I Am A Rock

“This, according to Artie, is my most neurotic song. Don’t know whether that’s true or not.” - from the Simon’s own mouth. That’s saying a lot, but I believe Artie is correct. It’s surprising how much angst is buried underneath those pretty harmonies and benign looks. Most of it courtesy of Paulie, the songwriter extraordinaire. Needless to say, it’s a very adolescent sentiment, me against the world and all that. Most of us grow out of having that attitude, some more quickly than others. The ones that don’t presumably grow up to become serial killers and crazy cat ladies. Nothing wrong with adolescent sentiments. I totally thought this was a profound life mission statement when I was fourteen. Yeah, definitely one of those songs a peer-deprived teen can relate to, to the point of tears. Speaking of teens and angst and all that, doesn’t it just beg for a super straight-faced thrash metal cover?

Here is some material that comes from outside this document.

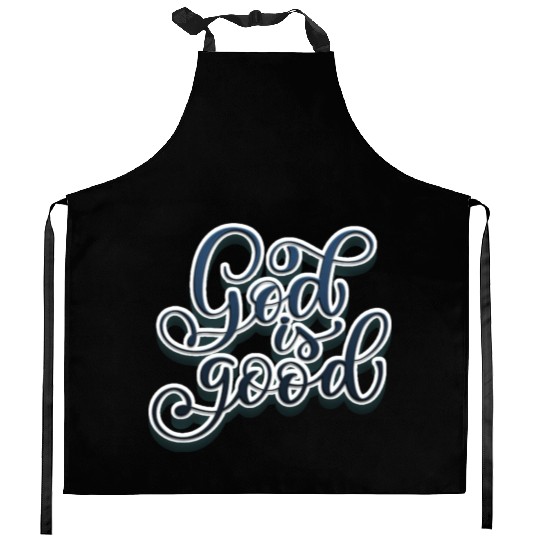 God is Good Kitchen Aprons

It’s like it was meant for Metallica to sing but the gods of song sent it to Paul Simon instead.

Homeward Bound

Like we saw yesterday, Paul Simon did some pretty important stuff in the 80′s. He helped introduce the world to African music and all that. Pretty stellar. But as good as Paul Simon’s music has always been, it just wasn’t quite as good after he dropped the ‘& Garfunkel’ part. Of course Garfunkel wasn’t as good without the ‘Simon &’ either. Simon & Garfunkel are like cheese & crackers, like tea & crumpets, like spaghetti & meatballs. That is, they’re tastier together than they are on their own. I mean, I’ll eat crackers straight up if I have to, but some cheese would be jolly good. Mmm, cheese. So I’m saying that, uh, Paul Simon is kind of like a cracker, very wholesome and crunchy and good for you, and Artie Garfunkel is the cheesy one who needs to balance out the crunchiness, and um, I think I’m going to fix myself an early dinner. I honestly don’t know where that metaphor came from, but I think you get the general idea.

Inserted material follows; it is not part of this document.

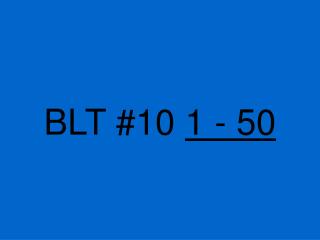 BLT #10 1 - 50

Go Tell It On the Mountain

I know I promised not another Christmas song. Because I hate them. But here is one that I’ve always loved. Go Tell It On the Mountain is different from most Xmas songs, because for one thing, it’s actually about Christ being born, as opposed to insipid commercial pap like stupid Frosty or Rudolph the stupidass reindeer. It’s also head and shoulders above everything else because it holds up as a song. If you’ve noticed most Xmas songs have about as much musical substance as a TV ad jingle. This is a real song with real soul. Nowhere better than in the hands of gospel queen Mahalia Jackson. Jackson’s rendition is classic. She gives a stately performance over a rolling piano. While many singers going in the gospel style would have opted to sing it as big and loud as they could, Jackson’s singing is understated, only hinting at the vocal power she’s capable of. Going in an equally great but different direction, Simon & Garfunkel covered it barbershop style. It’s much faster, powered along by an almost bluegrass strumming. Paul and Art’s vocal harmony here is one of their best together. In yet a third, completely different iteration, The Wailers set it to a mid-tempo reggae beat. They also changed all the words but the refrain. “Jesus Christ is born” became “Set my people free” and it was just as good being a freedom song as a gospel one. In that form it became a signature anthem for Peter Tosh. These three performances couldn’t be more disparate, but in each one the spirit of the song remains, even if the words themselves are different. It’s one of those hardy classics that can be shaped into any style and not lose their power.

 

 

For Emily, Whenever I May Find Her.

Art Garfunkel can rest easy with this song under his belt, for it is surely his highest peak. This is Garfunkel’s voice at its most beautiful, perfectly complemented by Paul Simon’s lyrics. The song is a short, perfect love poem, approaching the purity and spirit of courtly ballad, yet thoroughly modern in its simplicity. I can’t overpraise the power of sheer simplicity. Fancy trick and sleek production are all well and good in their place, but I’ve said it time and again: it’s the bare bones of melody and words that transcend time and trend. The only niggling thing that prevents full enjoyment of the video below is the inexplicable close-up of Paul Simon’s Prince Valiant mug during the climax, when the focus should fairly have been on Artie. Oh, Garfunkel, again the eternal underdog!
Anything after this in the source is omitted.